━━━ Data to process ━━━
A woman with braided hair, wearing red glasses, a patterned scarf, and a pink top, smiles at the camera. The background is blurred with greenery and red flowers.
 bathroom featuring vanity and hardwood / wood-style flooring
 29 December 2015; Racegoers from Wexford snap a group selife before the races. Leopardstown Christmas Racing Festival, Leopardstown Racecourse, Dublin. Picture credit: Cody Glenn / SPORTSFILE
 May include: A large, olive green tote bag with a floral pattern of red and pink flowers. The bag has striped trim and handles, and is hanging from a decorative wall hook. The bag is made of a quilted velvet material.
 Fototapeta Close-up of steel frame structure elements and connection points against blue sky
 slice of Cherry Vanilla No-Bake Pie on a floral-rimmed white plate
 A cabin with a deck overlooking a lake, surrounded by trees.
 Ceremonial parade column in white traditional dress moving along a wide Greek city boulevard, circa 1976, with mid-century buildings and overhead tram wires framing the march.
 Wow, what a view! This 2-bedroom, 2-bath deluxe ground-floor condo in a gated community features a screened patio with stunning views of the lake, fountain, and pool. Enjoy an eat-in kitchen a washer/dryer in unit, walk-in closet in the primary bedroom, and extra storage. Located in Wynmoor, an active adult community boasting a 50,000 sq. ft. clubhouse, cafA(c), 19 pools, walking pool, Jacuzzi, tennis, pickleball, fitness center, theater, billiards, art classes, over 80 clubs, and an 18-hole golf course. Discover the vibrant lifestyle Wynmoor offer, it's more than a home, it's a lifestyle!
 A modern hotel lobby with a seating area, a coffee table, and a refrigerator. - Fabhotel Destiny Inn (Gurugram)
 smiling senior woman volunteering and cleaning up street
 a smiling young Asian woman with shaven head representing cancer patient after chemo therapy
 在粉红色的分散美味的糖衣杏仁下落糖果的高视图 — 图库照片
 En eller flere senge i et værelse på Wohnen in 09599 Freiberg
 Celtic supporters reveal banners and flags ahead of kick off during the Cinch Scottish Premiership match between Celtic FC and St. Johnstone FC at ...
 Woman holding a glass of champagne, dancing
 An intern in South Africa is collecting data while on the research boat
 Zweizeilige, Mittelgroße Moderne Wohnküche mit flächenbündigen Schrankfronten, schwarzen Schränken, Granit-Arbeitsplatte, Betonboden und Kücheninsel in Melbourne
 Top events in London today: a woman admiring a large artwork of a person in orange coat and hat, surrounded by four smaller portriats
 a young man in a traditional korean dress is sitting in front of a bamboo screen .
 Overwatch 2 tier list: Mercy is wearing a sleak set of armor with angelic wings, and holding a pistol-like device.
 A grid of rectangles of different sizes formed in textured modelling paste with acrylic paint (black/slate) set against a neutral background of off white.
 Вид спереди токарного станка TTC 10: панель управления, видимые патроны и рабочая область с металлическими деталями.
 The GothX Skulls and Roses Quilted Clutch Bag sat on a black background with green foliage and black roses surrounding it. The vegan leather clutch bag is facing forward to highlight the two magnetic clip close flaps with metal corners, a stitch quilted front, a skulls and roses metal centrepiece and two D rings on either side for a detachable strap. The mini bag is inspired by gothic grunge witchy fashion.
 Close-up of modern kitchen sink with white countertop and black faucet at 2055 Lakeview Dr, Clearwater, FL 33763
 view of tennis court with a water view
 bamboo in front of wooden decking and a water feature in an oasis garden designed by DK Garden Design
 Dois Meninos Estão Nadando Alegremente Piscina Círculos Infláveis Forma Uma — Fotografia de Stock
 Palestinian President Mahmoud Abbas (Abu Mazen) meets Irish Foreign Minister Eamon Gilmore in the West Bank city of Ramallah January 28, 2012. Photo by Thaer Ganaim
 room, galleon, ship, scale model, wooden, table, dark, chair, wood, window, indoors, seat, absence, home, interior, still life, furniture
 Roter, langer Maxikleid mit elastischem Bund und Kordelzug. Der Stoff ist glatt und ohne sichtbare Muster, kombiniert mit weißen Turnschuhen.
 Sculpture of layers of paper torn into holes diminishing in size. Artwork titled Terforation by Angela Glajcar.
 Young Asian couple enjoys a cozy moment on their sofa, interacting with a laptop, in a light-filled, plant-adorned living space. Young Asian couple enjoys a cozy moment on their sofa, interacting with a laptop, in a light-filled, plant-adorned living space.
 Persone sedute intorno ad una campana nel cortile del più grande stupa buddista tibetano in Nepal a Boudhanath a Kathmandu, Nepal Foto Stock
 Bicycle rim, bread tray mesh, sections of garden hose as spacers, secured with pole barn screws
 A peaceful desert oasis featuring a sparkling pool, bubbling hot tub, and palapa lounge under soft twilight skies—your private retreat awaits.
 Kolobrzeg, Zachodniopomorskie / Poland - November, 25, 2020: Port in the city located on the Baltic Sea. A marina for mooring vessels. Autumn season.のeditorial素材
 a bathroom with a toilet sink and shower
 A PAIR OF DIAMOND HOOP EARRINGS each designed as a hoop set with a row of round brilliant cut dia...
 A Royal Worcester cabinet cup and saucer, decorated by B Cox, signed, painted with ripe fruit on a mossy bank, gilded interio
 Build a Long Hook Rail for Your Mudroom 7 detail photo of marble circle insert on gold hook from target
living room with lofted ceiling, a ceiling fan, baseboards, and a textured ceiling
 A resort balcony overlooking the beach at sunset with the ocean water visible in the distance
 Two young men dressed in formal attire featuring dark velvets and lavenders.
━━━
# [What needs to be done]
For this exercise, output exactly the lines above from the line with "Woman holding a glass of champagne, dancing" to the line with "Sculpture of layers", counting both, and leave out the rest.

# [Your solution]
 Woman holding a glass of champagne, dancing
 An intern in South Africa is collecting data while on the research boat
 Zweizeilige, Mittelgroße Moderne Wohnküche mit flächenbündigen Schrankfronten, schwarzen Schränken, Granit-Arbeitsplatte, Betonboden und Kücheninsel in Melbourne
 Top events in London today: a woman admiring a large artwork of a person in orange coat and hat, surrounded by four smaller portriats
 a young man in a traditional korean dress is sitting in front of a bamboo screen .
 Overwatch 2 tier list: Mercy is wearing a sleak set of armor with angelic wings, and holding a pistol-like device.
 A grid of rectangles of different sizes formed in textured modelling paste with acrylic paint (black/slate) set against a neutral background of off white.
 Вид спереди токарного станка TTC 10: панель управления, видимые патроны и рабочая область с металлическими деталями.
 The GothX Skulls and Roses Quilted Clutch Bag sat on a black background with green foliage and black roses surrounding it. The vegan leather clutch bag is facing forward to highlight the two magnetic clip close flaps with metal corners, a stitch quilted front, a skulls and roses metal centrepiece and two D rings on either side for a detachable strap. The mini bag is inspired by gothic grunge witchy fashion.
 Close-up of modern kitchen sink with white countertop and black faucet at 2055 Lakeview Dr, Clearwater, FL 33763
 view of tennis court with a water view
 bamboo in front of wooden decking and a water feature in an oasis garden designed by DK Garden Design
 Dois Meninos Estão Nadando Alegremente Piscina Círculos Infláveis Forma Uma — Fotografia de Stock
 Palestinian President Mahmoud Abbas (Abu Mazen) meets Irish Foreign Minister Eamon Gilmore in the West Bank city of Ramallah January 28, 2012. Photo by Thaer Ganaim
 room, galleon, ship, scale model, wooden, table, dark, chair, wood, window, indoors, seat, absence, home, interior, still life, furniture
 Roter, langer Maxikleid mit elastischem Bund und Kordelzug. Der Stoff ist glatt und ohne sichtbare Muster, kombiniert mit weißen Turnschuhen.
 Sculpture of layers of paper torn into holes diminishing in size. Artwork titled Terforation by Angela Glajcar.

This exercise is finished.